That all seems understandable, it is the issue of populating the initial table with user data and then having to maintain that user list myself that I am wondering about.

> I would recommend you look into Redis as a backend but for a small
> install, Bayes on SQL works fine.

Yeah, SQL is going to more than meet my needs when I figure it out. I’m only precessing a few thousand emails a day.

> Also recommend you disable auto-expire and setup a cron job for that so you don't have delays when getting new mail.

You mean a cron job to do the expirations I assume?


--
And crawling on the planet's face
Some insects called the human race
Lost in time, lost in space, and meaning
Re: MySQL [ In reply to ]
@lbutlr wrote:
> On 2 Jul 2019, at 14:21, Kevin A. McGrail <kmcgrail@apache.org> wrote:
>>> I guess the tl;dr version of my question (too late!) is how is the username field populated in the database?
>>
>> I think you are mixing up the user preference table and the naive bayesian table. Apologies if the docs aren't clear. Please consider cleaning them up!
>
> I can’t clean them up because I don’t understand them! ????
>
> The bayes readme says you need to have a user pref database setup first.
>
> <https://svn.apache.org/repos/asf/spamassassin/branches/3.1/sql/README.bayes>
> This assumes that you have already created a database for use with spamassassin and setup a username/password that can access that database. (See "Creating A Database", in "sql/README", if you don't have a suitable database ready.)

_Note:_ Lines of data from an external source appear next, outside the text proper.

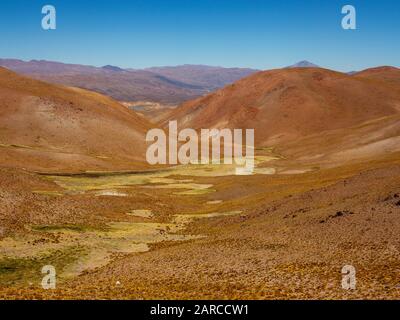 Deep valleys as seen from the Ruta 40, the road linking Cachi to San Antonio de Los Cobres, Argentina Stock Photo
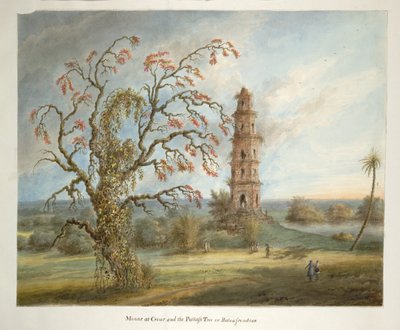 De vijf verdiepingen tellende toren in Gaur bekend als de Pir Asa Minar of Firoz Shah Minar door Ram Sita
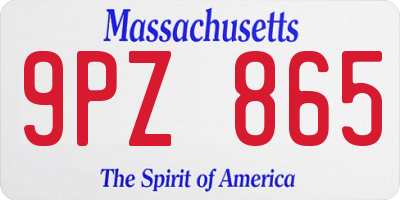 MA license plate 9PZ865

This refers the the SQL database username/password, not SA user data
within the database. You only need one user/password, although I
*think* if you're paranoid and willing to spend the time at it it's
possible to have separate SQL logins for different users, possibly even
complete separate databases for each user.

SA will fill in fields in the database as needed when messages are
learned; there's no need to maintain a list of your system/SA users. I
think you mentioned earlier you're using virtual users, not system
users, so you'll have to use the -u argument to sa-learn for manual
learning.

I'm not sure there's a better way to word that section.

-kgd